La meilleure façon de comprendre cette évolution est de parcourir l’un des classiques du socialisme, Le Capital. Aussi surprenant que cela puisse paraître, le terme « inégalité » n’apparaît pas plus de quatre fois (cela varie selon les traductions) dans le volumineux chef-d’œuvre du philosophe allemand. Jusqu’à la fin du XIXe siècle, aucun penseur ne s’était en effet préoccupé de placer chaque individu sur un axe et le revenu total sur un autre pour en mesurer la distribution. Comptaient les différences entre les classes et les facteurs de production, plutôt que celles existant entre les individus.

Ce n’est qu’avec le travail du sociologue italien Vilfredo Pareto (1848-1923) qu’émergent des outils modernes de mesure de l’inégalité. Pour Marx, le problème n’était pas d’envisager comment répartir les revenus entre les individus, mais d’imaginer une société délivrée du marché.

Qu’il s’agisse de la production, du travail ou, plus généralement, des relations humaines, la « société de marché », comme l’appelait l’économiste et anthropologue Karl Polanyi, était considérée comme une menace pour la démocratie dans la mesure où elle laissait le marché façonner l’ordre social plutôt que l’inverse.
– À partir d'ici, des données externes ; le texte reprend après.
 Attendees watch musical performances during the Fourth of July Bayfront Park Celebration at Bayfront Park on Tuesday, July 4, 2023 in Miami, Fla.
Ce type de société avait non seulement éliminé du débat politique la question de l’allocation des ressources, mais également modifié la nature des transactions sociales en tant que telles.

Une longue éclipse

C’est pourquoi le sociologue Richard Titmuss défendit l’idée selon laquelle l’objectif d’un État social était d’inculquer et de préserver l’« esprit de Dunkerque » — l’expression renvoyait au sauvetage de centaines de milliers de soldats alliés sur les côtes françaises en mai-juin 1940 grâce à une flottille de centaines de navires civils, un événement qui eut un impact très important au Royaume-Uni (2). Titmuss voyait là les germes de la « société généreuse » à venir.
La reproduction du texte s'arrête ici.